Tim (left) and Gary (our terrific superintendent).

Tim (left) and Gary (our terrific superintendent).

What he came up with was the Presidential Special. He assigned each hole an electoral-college value equal to the sum of its number and its handicap stroke index. Our fifth hole, for example, is our tenth handicap hole, so it was worth 15 electoral votes (5 + 10 = 15). We called it North Carolina. The most valuable hole was No. 16, California, which is our seventeenth handicap hole (16 + 17 = 33); the least valuable was No. 4, Delaware, which was worth just 5. The entire course added up to 342 electoral votes, 172 needed to win.

Before we began, we divided into two three-man teams by throwing balls, then assigned the candidates by flipping a tee. (No one else was on the course, so we played as a sixsome.) I drew McCain, who promptly lost the first hole, Pennsylvania, worth 13 electoral votes. McCain won the second, but picked up only 7—Arizona. Then Obama went on a run, crushing drives and sinking putts from everywhere, and McCain didn’t take another hole until the tenth, Texas.

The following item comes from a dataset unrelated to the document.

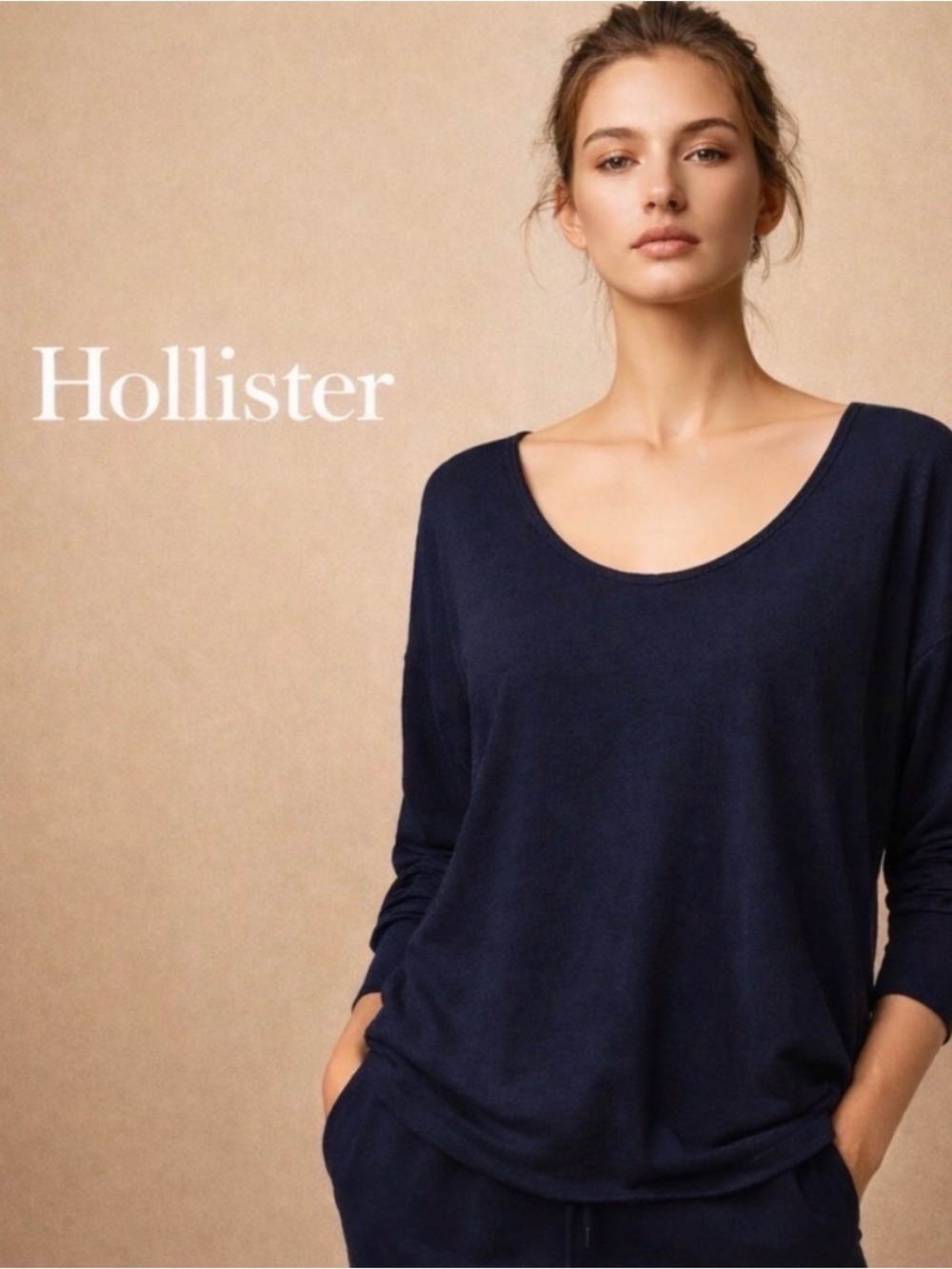 Hollister Women's Dark Blue Navy Long Sleeve Tee Top Blouse Size M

The election was technically still up for grabs, since the back nine was worth 60 percent of the total, but Obama didn’t let up, and he clinched the match on the twelfth, Ohio, a par-three worth 27. It was over before the polls even opened in Hawaii. We switched to skins for the remaining six holes, since Tim couldn’t figure out how to play for cabinet appointments.

Your Golf Course is Too Long For You

Every October since 2000, the Sunday Morning Group has taken an end-of-season weekend golf trip to Atlantic City.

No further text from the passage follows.